#### Data for review:
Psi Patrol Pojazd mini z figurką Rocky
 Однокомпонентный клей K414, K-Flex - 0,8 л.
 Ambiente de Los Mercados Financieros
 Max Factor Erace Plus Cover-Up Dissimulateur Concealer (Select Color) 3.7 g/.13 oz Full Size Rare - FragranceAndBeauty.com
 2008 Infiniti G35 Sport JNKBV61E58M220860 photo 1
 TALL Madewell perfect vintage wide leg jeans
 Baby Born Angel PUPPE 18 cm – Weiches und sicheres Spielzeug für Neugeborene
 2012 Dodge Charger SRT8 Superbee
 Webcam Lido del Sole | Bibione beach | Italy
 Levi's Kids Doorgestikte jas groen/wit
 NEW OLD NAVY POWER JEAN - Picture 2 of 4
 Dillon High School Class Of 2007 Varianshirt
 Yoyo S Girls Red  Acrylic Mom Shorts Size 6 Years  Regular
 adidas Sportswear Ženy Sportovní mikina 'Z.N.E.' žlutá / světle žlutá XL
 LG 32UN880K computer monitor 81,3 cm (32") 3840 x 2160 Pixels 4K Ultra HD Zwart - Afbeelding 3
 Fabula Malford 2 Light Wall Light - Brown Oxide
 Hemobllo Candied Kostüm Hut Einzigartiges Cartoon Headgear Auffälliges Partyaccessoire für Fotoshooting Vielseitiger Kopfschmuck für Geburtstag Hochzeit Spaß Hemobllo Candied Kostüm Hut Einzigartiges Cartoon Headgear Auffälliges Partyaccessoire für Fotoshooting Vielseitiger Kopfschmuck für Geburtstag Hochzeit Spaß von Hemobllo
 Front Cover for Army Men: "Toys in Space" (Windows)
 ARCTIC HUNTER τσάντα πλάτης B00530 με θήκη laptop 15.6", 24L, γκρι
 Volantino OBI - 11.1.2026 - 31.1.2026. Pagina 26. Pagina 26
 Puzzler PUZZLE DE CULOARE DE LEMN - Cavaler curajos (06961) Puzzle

#### What is needed:
If a line above includes the string "Size", pick it out.

#### Task answer:
 Max Factor Erace Plus Cover-Up Dissimulateur Concealer (Select Color) 3.7 g/.13 oz Full Size Rare - FragranceAndBeauty.com
 Yoyo S Girls Red  Acrylic Mom Shorts Size 6 Years  Regular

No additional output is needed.